Concluding Statement

"Decay is inherent in all things; choose your path with diligence." ~last words of the Budda, 483 BC







Monday, December 2, 2013

Whitewater Tasmania

During the past year I have lost nearly all of my motivation for climbing in Tasmania. I've done pretty much all of the climbs I wanted to do here and those that are left are leaving me uninspired. I did take two climbing vacations - one to climb routes on Spanish limestone, the other to boulder in Grampians (post yet to come) - but I can tick off all my Tasmanian climbing excursions for the year without running out of fingers.

That said, I've not been Idle. Not for a long shot. In addition to finalizing my PhD, I've been dedicating a lot of my free time over the past 6 or 7 months into exploring the excellent whitewater that Tasmania has to offer...when it rains at least, which luckily for me has been a lot this season.  Over the past 8 years I pretty much gave up kayaking for climbing, but last year I was able to get out on a couple trips which showed me how good the rivers were here, and this year I've just really immersed myself in it. It's been my new focus for outdoor adventure and I've probably gotten out on more trips this year that anyone else in the state. Somewhere around 70 runs of class IV/V whitewater on more than 12 different rivers, all of which I would highly recommend.  Rivers like:

The North Esk, a local Launceston classic




The Cataract Gorge section of the South Esk, which literally is a 5 min walk from my house. Big drops and sometimes a big flows. 

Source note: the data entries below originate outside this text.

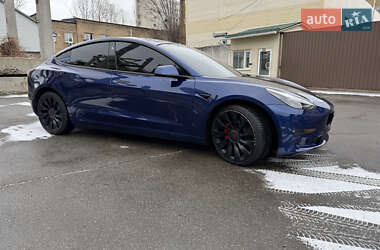Седан Tesla Model 3 2022 в 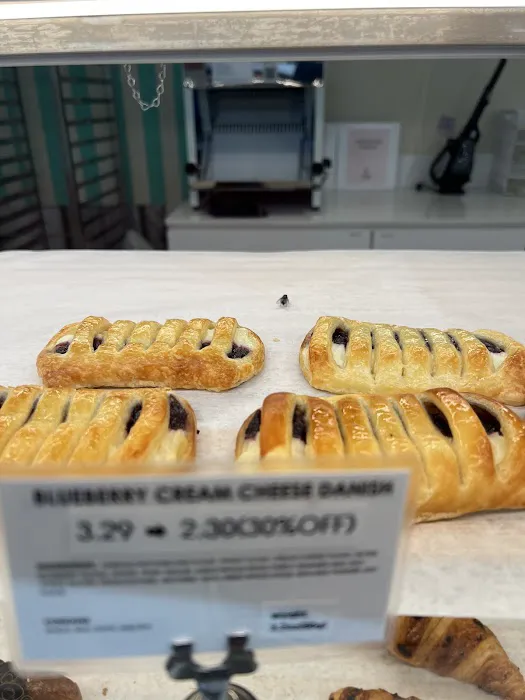 L’Ami Bakery & Cafe Picture 7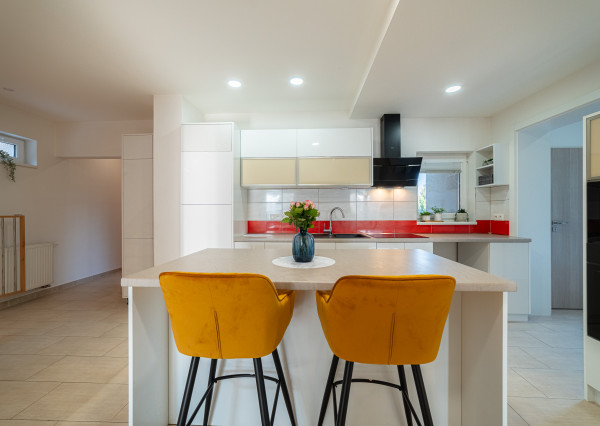 REZERVOVANÉ 6-izb. Rodinný dom s pivnicou, pozemok 638 m² DOHODA MOŽNÁ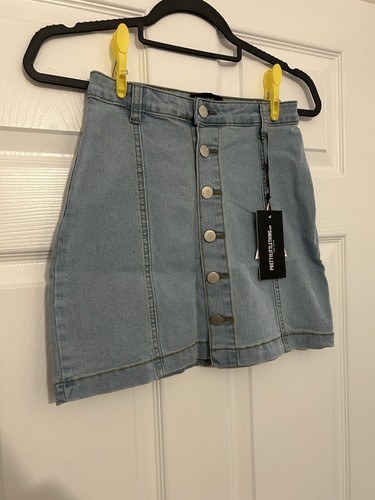 PrettyLittleThing Denim Mini Skirt - Picture 2 of 3
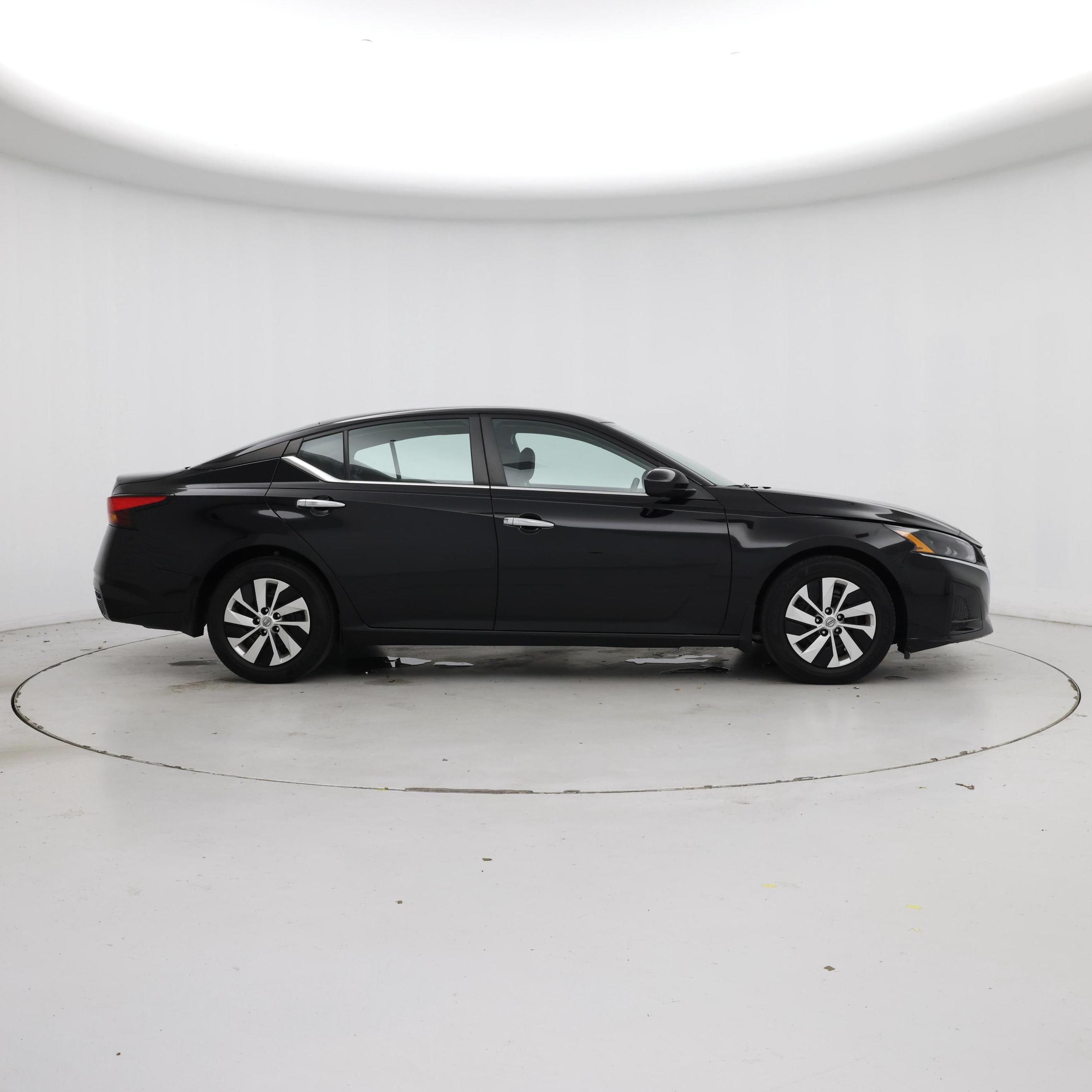 Thumbnail: 2023 Nissan Altima - 7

The Nile River, a steep low volume creek with clean cold water that runs down a steep sided ravine off Ben Lomond. 







The Lake River, a ridiculously steep creek with a two or three km section that's got an average radiant of more than 1 in 10











And the Leven Canyon, a super classic wilderness run with some beautiful high canyon walls, cool rapids and two waterfalls which are compulsory to run do to the steep rock walls of the canyon. Once you've started, there's no turning back. 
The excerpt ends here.